Because the process remains undefined, at least three groups are hoping they can persuade the gaming commission to grant them the available license. They are:
* Knight and his Cape Girardeau partner Jim Riley. Knight, owner of Ole Hickory Pits, and Riley, owner of Red Letter Communications, own or have under option land along North Main Street for a project they call DREAMbig LLC. The 20-acre development idea includes a casino, hotel and 4,400-seat entertainment complex. Knight was on the verge of making initial applications to the commission last year when Proposition A, which set the license limit, was approved for the ballot and the commission ended all consideration of new licenses.

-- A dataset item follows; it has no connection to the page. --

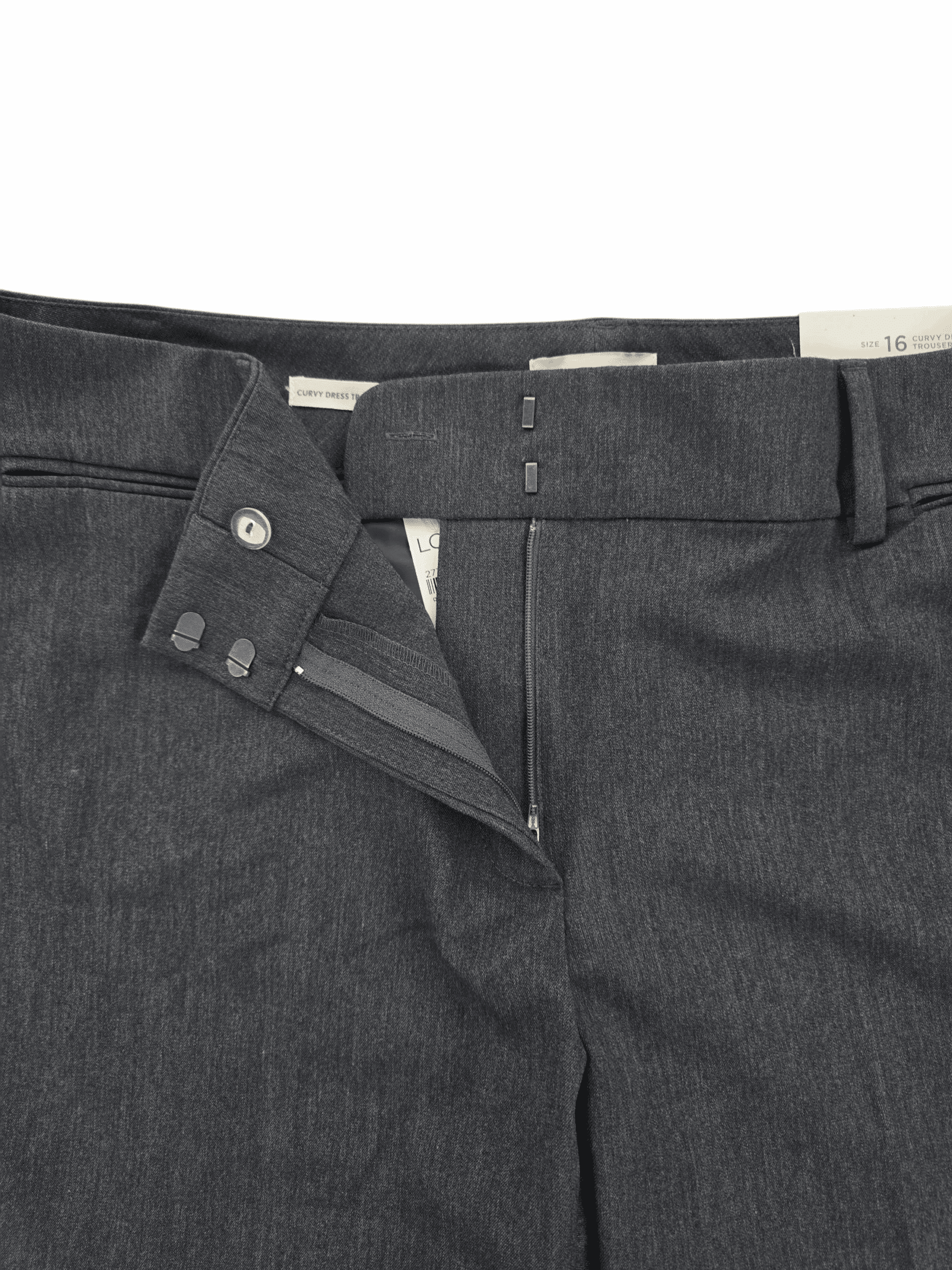 LOFT Women’s Gray Dress Pants | Size 16 Curvy | NEW - Image 3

* North County Development LLC, which is undergoing the plan approval process in St. Louis County for a 377-acre development just south of the Columbia Bottoms Conservation Area at the confluence of the Missouri and Mississippi Rivers. The St. Louis County Planning Commission has approved the plan, which needs to overcome several more regulatory hurdles before construction would be allowed.
* Sugar Creek, Mo., in eastern Jackson County, near Kansas City, which was in the preliminary stages of seeking a license when the moratorium was imposed.
None of the proposed developments have announced a casino partner. Knight said last week that he has been talking with out-of-state casino operators to be ready if an open license is offered for competition.
"There is a limit to how much of that I can talk about," Knight said. "However, we are aware of the situation and it is our contention that Cape Girardeau would be the logical place for the license to be."
Knight does have some ammunition on that point. A study conducted last year concluded that most markets where casinos are already operating are near saturation and new casinos would likely split the take, not increase it, from gamblers. But a casino in Cape Girardeau was shown to have some of the best potential for increasing the overall take to the casino companies or the state.
Knight fought Proposition A in the courts to keep the limit off the number of licenses. He said he doesn't want to refight that battle, but expects the commission to consider locations outside the big metropolitan areas when the President's license becomes available.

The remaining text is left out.